Toutefois, la solution mérite une analyse critique sur son fondement. En effet, la loi de 1975 édicte une nullité de protection destinée à garantir le paiement du sous-traitant. Admettre trop facilement la confirmation par l’exécution peut vider cette protection de sa substance. Le sous-traitant, souvent en position de faiblesse économique, peut se sentir contraint de commencer les travaux malgré l’absence de garantie. La décision du Tribunal de Nanterre montre les limites de cette protection, le juge estimant que l’entreprise avait pleine connaissance du vice et a choisi de poursuivre l’exécution. Cette interprétation restrictive de la nullité d’ordre public souligne la prééminence du principe consensualiste et de l’autonomie de la volonté, même dans un cadre réglementé.

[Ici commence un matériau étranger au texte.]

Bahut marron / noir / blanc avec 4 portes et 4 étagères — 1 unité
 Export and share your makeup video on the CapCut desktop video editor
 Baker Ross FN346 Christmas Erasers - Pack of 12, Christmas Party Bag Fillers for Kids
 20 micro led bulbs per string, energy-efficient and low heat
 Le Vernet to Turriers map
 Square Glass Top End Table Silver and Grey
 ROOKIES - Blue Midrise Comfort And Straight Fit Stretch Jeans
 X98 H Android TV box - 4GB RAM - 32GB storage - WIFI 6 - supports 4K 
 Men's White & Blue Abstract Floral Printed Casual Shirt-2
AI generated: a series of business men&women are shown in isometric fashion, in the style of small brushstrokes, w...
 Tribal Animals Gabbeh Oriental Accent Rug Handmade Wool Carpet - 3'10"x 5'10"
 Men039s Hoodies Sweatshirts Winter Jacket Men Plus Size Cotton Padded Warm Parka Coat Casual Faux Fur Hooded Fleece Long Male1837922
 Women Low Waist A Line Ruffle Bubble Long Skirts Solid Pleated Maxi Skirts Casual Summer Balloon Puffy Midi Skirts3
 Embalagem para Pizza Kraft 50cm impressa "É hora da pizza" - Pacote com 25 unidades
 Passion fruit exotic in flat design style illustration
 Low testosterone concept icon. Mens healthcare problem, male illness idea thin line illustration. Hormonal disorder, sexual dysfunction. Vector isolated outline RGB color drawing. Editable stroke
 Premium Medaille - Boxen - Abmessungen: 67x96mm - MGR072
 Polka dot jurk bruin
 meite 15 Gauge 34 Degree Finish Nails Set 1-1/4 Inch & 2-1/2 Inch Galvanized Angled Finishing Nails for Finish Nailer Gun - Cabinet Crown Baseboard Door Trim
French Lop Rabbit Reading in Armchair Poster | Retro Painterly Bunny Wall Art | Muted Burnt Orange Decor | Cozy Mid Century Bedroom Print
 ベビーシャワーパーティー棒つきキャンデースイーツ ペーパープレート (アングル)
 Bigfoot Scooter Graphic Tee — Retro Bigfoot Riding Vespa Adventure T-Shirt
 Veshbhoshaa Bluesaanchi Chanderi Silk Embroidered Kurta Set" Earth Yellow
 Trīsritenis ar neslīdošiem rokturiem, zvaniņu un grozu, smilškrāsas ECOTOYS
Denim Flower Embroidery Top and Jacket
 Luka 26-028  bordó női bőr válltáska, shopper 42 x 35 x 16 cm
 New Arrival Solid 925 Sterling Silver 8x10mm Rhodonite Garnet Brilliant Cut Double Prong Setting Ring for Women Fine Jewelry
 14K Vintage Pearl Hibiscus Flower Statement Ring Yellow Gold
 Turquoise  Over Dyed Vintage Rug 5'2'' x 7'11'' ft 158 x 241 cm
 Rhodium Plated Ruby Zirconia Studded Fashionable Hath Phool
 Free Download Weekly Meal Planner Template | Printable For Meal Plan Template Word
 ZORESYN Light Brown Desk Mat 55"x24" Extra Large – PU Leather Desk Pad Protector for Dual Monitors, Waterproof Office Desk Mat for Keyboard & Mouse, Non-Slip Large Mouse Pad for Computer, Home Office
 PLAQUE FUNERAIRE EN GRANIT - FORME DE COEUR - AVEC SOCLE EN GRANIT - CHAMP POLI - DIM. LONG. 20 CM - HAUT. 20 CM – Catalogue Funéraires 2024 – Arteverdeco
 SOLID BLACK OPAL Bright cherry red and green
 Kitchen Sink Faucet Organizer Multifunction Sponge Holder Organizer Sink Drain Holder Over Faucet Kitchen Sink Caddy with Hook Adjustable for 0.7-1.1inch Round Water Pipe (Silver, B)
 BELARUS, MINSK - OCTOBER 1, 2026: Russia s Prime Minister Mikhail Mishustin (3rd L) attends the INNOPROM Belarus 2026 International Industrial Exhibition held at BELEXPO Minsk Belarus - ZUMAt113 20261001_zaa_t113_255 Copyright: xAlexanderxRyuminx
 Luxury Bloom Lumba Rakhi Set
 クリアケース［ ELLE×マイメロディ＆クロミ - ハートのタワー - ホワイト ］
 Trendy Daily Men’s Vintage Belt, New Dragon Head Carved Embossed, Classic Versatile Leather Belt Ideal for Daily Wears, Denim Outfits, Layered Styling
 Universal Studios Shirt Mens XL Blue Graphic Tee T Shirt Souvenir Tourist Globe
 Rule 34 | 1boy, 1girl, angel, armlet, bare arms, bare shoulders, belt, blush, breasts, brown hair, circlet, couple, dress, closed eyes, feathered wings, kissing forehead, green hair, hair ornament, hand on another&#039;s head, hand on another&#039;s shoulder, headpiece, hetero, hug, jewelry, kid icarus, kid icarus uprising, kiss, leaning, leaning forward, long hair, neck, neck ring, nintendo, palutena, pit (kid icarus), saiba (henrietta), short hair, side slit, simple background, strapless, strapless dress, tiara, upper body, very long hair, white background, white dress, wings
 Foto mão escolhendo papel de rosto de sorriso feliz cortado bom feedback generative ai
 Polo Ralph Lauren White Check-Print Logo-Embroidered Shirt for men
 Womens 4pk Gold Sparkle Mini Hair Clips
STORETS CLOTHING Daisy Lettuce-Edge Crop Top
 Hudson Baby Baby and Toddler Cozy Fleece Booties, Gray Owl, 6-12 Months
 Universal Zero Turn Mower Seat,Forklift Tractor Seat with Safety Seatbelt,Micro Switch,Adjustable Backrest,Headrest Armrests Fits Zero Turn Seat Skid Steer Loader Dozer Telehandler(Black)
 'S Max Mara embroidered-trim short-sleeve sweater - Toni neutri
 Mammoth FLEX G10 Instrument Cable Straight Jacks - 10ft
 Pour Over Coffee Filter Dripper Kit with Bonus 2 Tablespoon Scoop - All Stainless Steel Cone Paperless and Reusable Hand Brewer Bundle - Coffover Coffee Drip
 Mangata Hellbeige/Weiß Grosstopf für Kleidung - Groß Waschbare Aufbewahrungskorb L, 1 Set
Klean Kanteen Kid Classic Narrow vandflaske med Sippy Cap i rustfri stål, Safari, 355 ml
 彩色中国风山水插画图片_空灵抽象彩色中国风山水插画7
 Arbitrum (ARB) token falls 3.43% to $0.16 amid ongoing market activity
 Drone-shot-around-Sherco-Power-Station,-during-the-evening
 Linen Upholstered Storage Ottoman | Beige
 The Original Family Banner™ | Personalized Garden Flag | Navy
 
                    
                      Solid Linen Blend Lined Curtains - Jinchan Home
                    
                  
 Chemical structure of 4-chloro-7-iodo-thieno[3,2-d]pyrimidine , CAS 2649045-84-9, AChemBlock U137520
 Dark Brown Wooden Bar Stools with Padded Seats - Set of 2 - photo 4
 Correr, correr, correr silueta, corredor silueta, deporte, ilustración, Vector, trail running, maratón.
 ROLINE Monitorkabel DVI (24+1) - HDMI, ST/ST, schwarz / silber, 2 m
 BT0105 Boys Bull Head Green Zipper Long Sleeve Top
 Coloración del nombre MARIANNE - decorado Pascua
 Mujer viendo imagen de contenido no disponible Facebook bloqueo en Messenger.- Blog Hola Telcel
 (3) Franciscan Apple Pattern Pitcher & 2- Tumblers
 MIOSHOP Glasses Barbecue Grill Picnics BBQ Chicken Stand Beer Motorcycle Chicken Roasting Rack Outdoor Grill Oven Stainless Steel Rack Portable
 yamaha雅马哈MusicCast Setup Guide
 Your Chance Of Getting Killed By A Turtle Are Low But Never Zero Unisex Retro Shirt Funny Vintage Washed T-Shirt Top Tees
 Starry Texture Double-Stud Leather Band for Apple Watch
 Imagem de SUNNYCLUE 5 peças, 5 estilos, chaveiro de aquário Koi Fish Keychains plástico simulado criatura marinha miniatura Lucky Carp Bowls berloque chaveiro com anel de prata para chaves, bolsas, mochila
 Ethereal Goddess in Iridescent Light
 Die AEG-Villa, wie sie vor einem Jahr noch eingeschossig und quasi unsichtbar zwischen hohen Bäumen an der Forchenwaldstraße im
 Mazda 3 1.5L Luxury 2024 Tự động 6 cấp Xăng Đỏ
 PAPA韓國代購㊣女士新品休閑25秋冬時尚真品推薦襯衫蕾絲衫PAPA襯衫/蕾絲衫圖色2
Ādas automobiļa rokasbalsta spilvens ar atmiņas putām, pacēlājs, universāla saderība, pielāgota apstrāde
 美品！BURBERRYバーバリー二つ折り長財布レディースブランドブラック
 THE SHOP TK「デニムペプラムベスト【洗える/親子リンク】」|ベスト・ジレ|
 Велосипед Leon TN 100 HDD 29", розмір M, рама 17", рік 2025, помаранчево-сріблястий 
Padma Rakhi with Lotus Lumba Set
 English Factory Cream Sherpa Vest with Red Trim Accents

**II. L’exigence d’une preuve certaine de la défaillance et du préjudice : un rappel des principes contractuels généraux**
Le tribunal rejette avec la même rigueur la demande reconventionnelle de l’entreprise principale fondée sur la substitution. Il rappelle que la charge de la preuve incombe au demandeur et que les allégations doivent être étayées par des éléments précis. Le juge constate d’abord que la défaillance par « abandon du chantier » n’est pas établie, les constats d’huissier produits démontrant au contraire la présence d’ouvriers sur site aux dates critiques. Ensuite, il examine les justificatifs des coûts de substitution et les juge insuffisants. Il relève des pièces incomplètes, « des contrats de sous-traitance avec ou sans devis, avec ou sans factures, ou des factures seules sans contrat ni devis », et note que le principal devis de substitution évoque une simple « mise à disposition d’une équipe » sans détail sur la nature des travaux. Le tribunal en déduit que l’entreprise principale « ne rapporte donc pas la preuve que les travaux dont elle demande la prise en charge correspondent aux dispositions contractuelles du sous-traité ».
Cette motivation constitue un rappel salutaire des exigences du droit commun de la preuve en matière contractuelle. Elle refuse de se contenter d’allégations ou de justificatifs parcellaires pour condamner un sous-traitant à des sommes importantes. La décision protège ainsi contre des demandes indemnitaires insuffisamment fondées, qui pourraient résulter d’une gestion désordonnée de la substitution. Elle impose une méthodologie probatoire claire : établir le lien de causalité entre la prétendue défaillance et les dépenses engagées, et justifier le quantum de ces dernières par des documents contractuels et comptables cohérents. Cette rigueur contribue à la sécurité juridique et à la loyauté dans l’exécution des contrats, en empêchant que la substitution ne devienne un moyen de transfert unilatéral de coûts.